Department of Dermatology, Feinberg School of Medicine, Northwestern University, 676 N. St. Clair Street, Suite 1765, Chicago, IL, 60611, USA.
Department of Plastic Surgery, Cleveland Clinic Lerner Research Institute, Cleveland, OH, USA.
Arch Dermatol Res. 2023 Oct;315(8):2295-2302. doi: 10.1007/s00403-023-02613-6. Epub 2023 Mar 28.
Patients with early-stage disease typically have a good prognosis, but still have a risk of recurrence, even with negative sentinel lymph node biopsy (SLNB). This study explores the utility of routine imaging to detect metastases in patients with negative SLNB but high-risk 31 gene expression profile (31-GEP) scores. We retrospectively identified melanoma patients with negative SLNBs.
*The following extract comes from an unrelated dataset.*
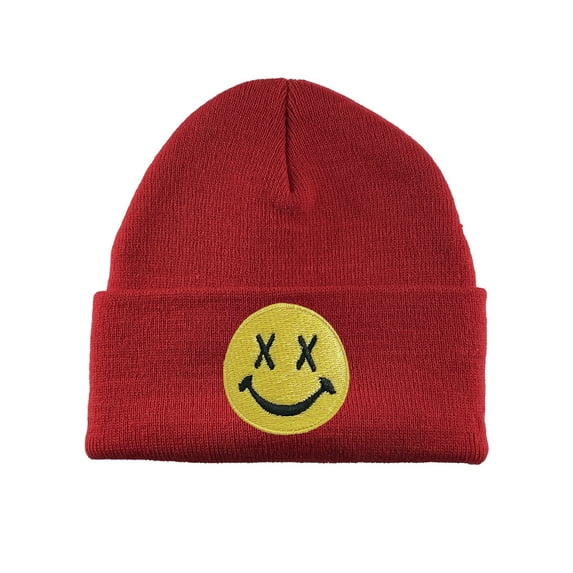 Gravity Threads Smile Face Beanie - Cross Eye - Red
Patients with high-risk GEP results were placed in the experimental group and patients without GEP testing were placed in the control group. Among both cohorts, recurrent melanoma groups were identified. The tumor burden at the time of recurrence and the time to recurrence were compared between experimental group patients with routine imaging and control group patients without imaging schedules. We identified 327 control patients and 307 experimental patients, of which 14.1% versus 20.5% had melanoma recurrence, respectively. Of the patients with recurrent melanoma, those in the experimental group were older (65.75 versus 59.20), had higher Breslow depths (3.72 mm versus 3.31 mm), and had advanced tumor staging (89.5% versus 71.4% of patients presenting clinical stage ≥ II) compared to the control group at primary diagnosis. However, melanoma recurrence was detected earlier (25.50 months versus 35.35 months) in the experimental group at a lower overall tumor burden (73.10 mm versus 27.60 mm). A higher percentage of experimental patients started immunotherapy when offered (76.3% and 67.9%). Patients who received routine imaging after high-risk GEP test scores had an earlier recurrence diagnosis with lower tumor burden, leading to better clinical outcomes.
患有早期疾病的患者通常预后良好,但即使前哨淋巴结活检(SLNB)阴性,仍有复发的风险。本研究探讨了在 SLNB 阴性但 31 基因表达谱(31-GEP)评分高风险的患者中,常规影像学检查检测转移的效用。我们回顾性地确定了 SLNB 阴性的黑色素瘤患者。GEP 结果高风险的患者被置于实验组,没有进行 GEP 检测的患者被置于对照组。在这两个队列中,都确定了复发性黑色素瘤组。比较了实验组常规影像学检查患者和对照组无影像学检查计划患者的复发时肿瘤负担和复发时间。我们确定了 327 名对照组患者和 307 名实验组患者,其中分别有 14.1%和 20.5%的患者出现黑色素瘤复发。在复发性黑色素瘤患者中,实验组患者年龄更大(65.75 岁比 59.20 岁),Breslow 深度更高(3.72mm 比 3.31mm),且在初诊时肿瘤分期更晚(89.5%比 71.4%的患者为临床分期≥Ⅱ期)。然而,实验组患者的黑色素瘤复发更早(25.50 个月比 35.35 个月),总肿瘤负担更低(73.10mm 比 27.60mm)。在实验组中,更多的患者在提供免疫治疗时开始接受治疗(76.3%和 67.9%)。在高风险 GEP 测试评分后接受常规影像学检查的患者更早地诊断出复发,且肿瘤负担更低,从而获得更好的临床结局。